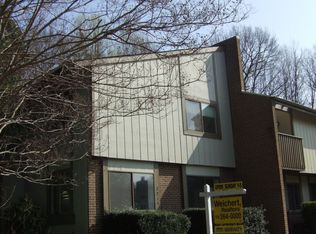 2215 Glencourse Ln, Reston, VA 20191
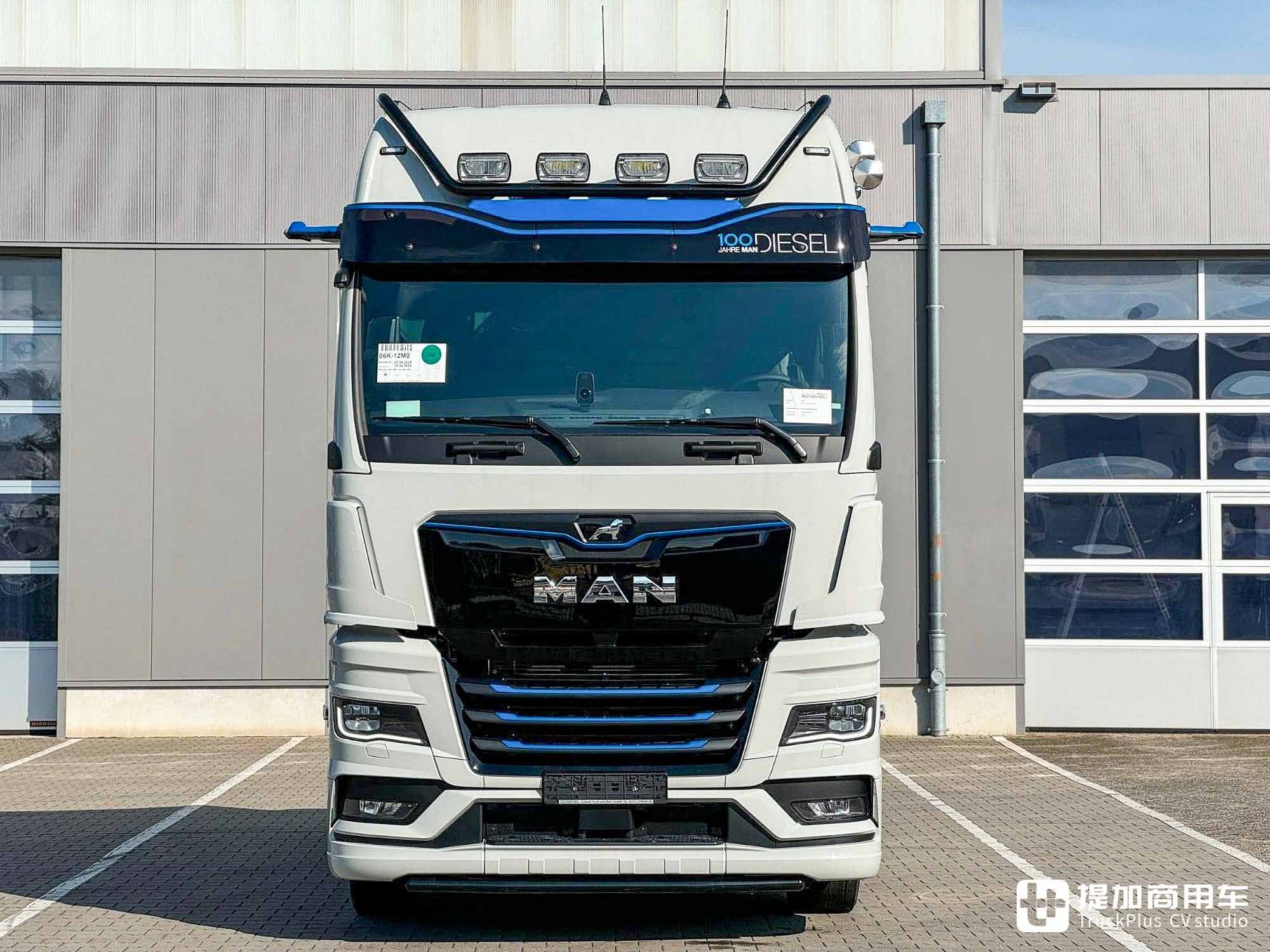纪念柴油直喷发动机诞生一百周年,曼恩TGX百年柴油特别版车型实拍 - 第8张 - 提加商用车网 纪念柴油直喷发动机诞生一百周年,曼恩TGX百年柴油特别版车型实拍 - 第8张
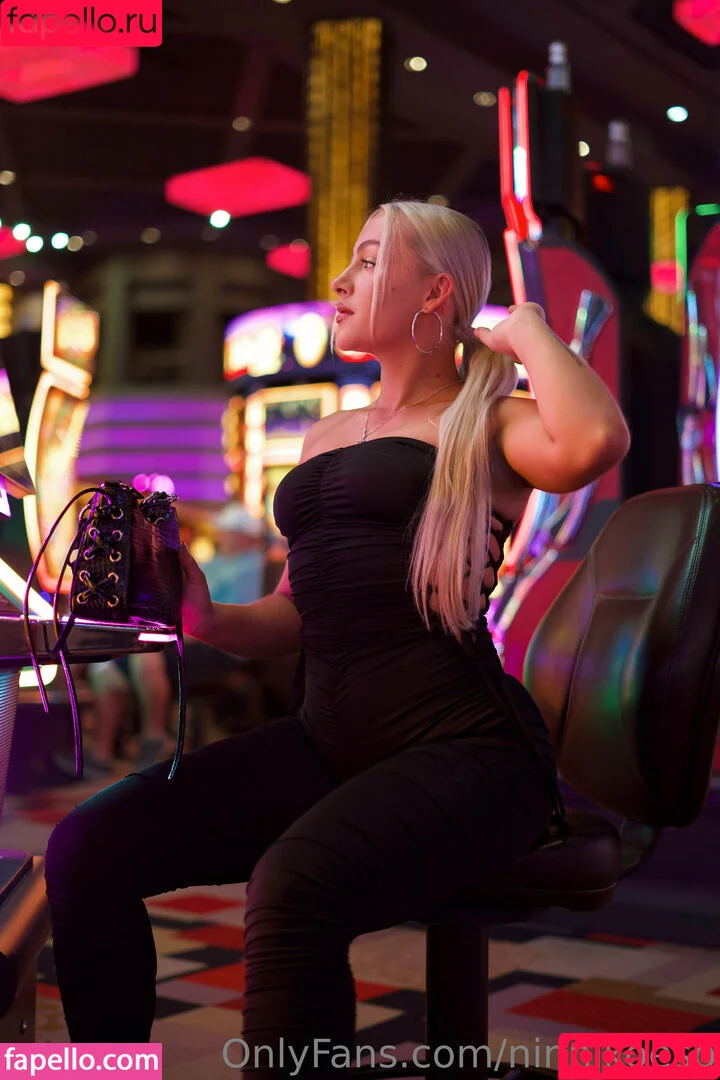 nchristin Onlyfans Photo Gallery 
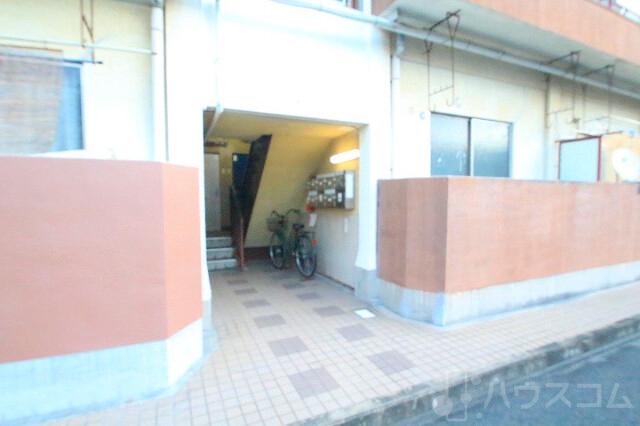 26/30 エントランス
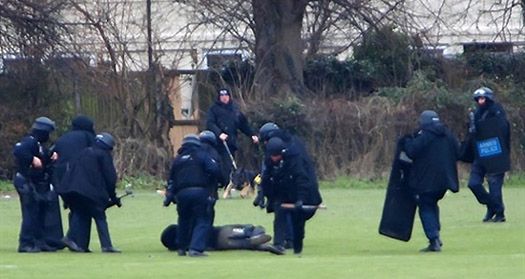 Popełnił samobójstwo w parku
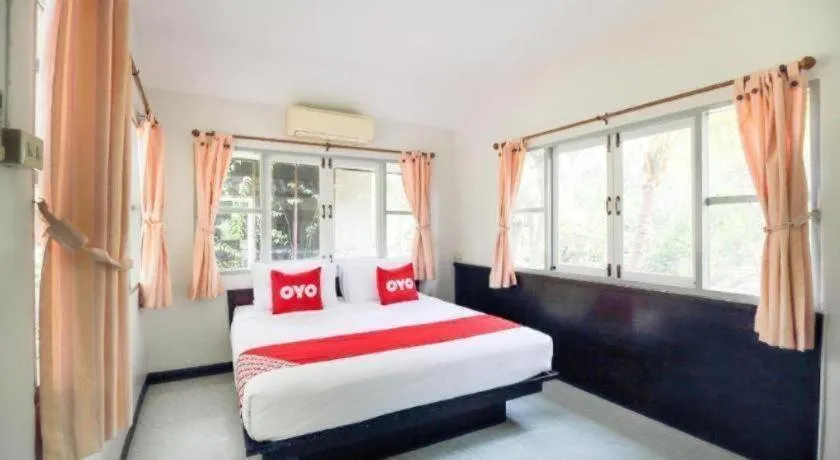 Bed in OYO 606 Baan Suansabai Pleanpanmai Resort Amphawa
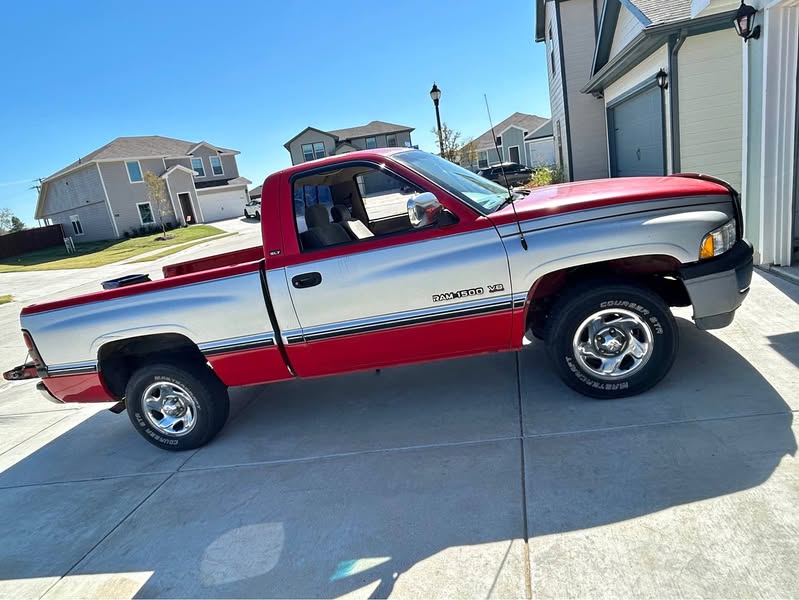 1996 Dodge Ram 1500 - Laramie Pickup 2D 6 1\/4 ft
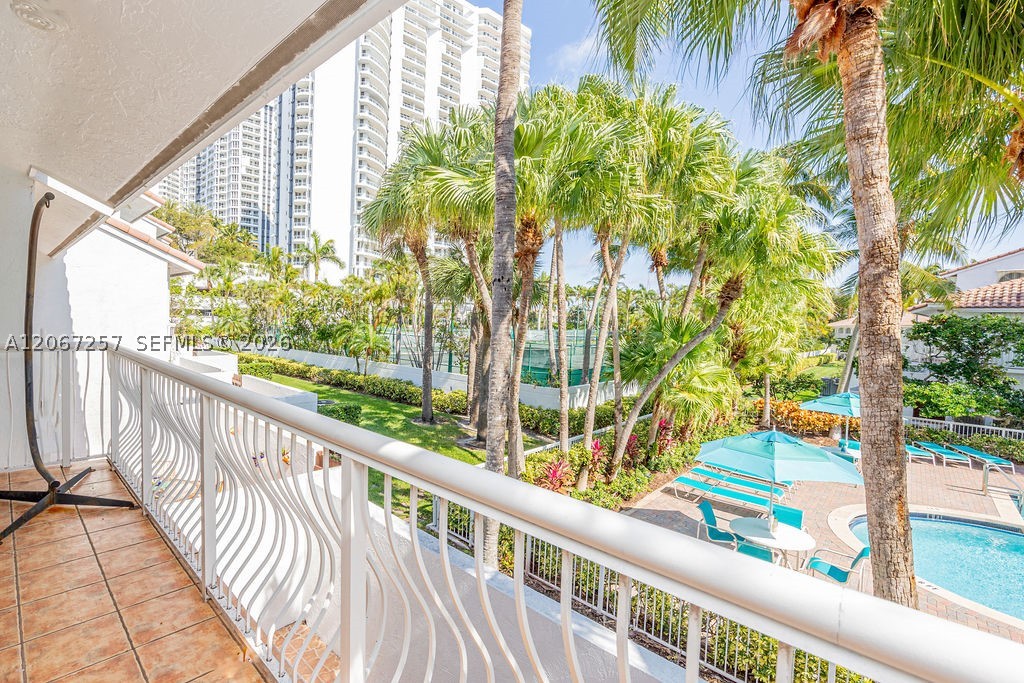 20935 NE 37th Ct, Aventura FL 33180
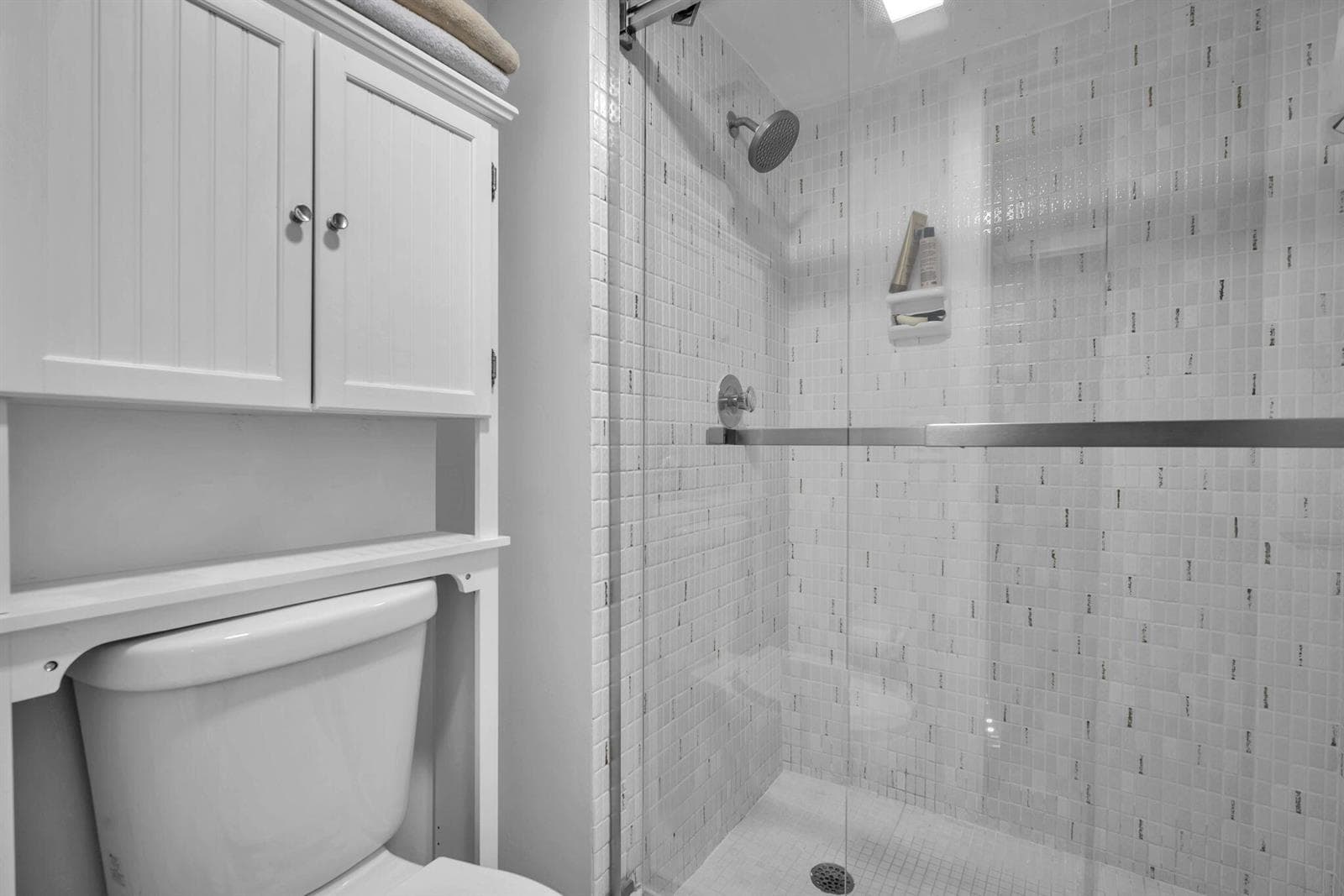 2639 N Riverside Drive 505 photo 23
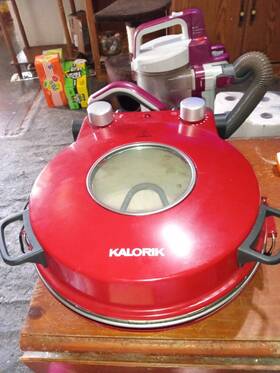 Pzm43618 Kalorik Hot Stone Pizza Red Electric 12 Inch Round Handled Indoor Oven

---

TASK DETAILS ▸ What is needed is an exact transcription of the lines from the one containing "20935 NE 37th Ct, Aventura FL 33180" through the last line of the records above, both included, with no pictures.

TASK ANSWER ▸
 20935 NE 37th Ct, Aventura FL 33180
 2639 N Riverside Drive 505 photo 23
 Pzm43618 Kalorik Hot Stone Pizza Red Electric 12 Inch Round Handled Indoor Oven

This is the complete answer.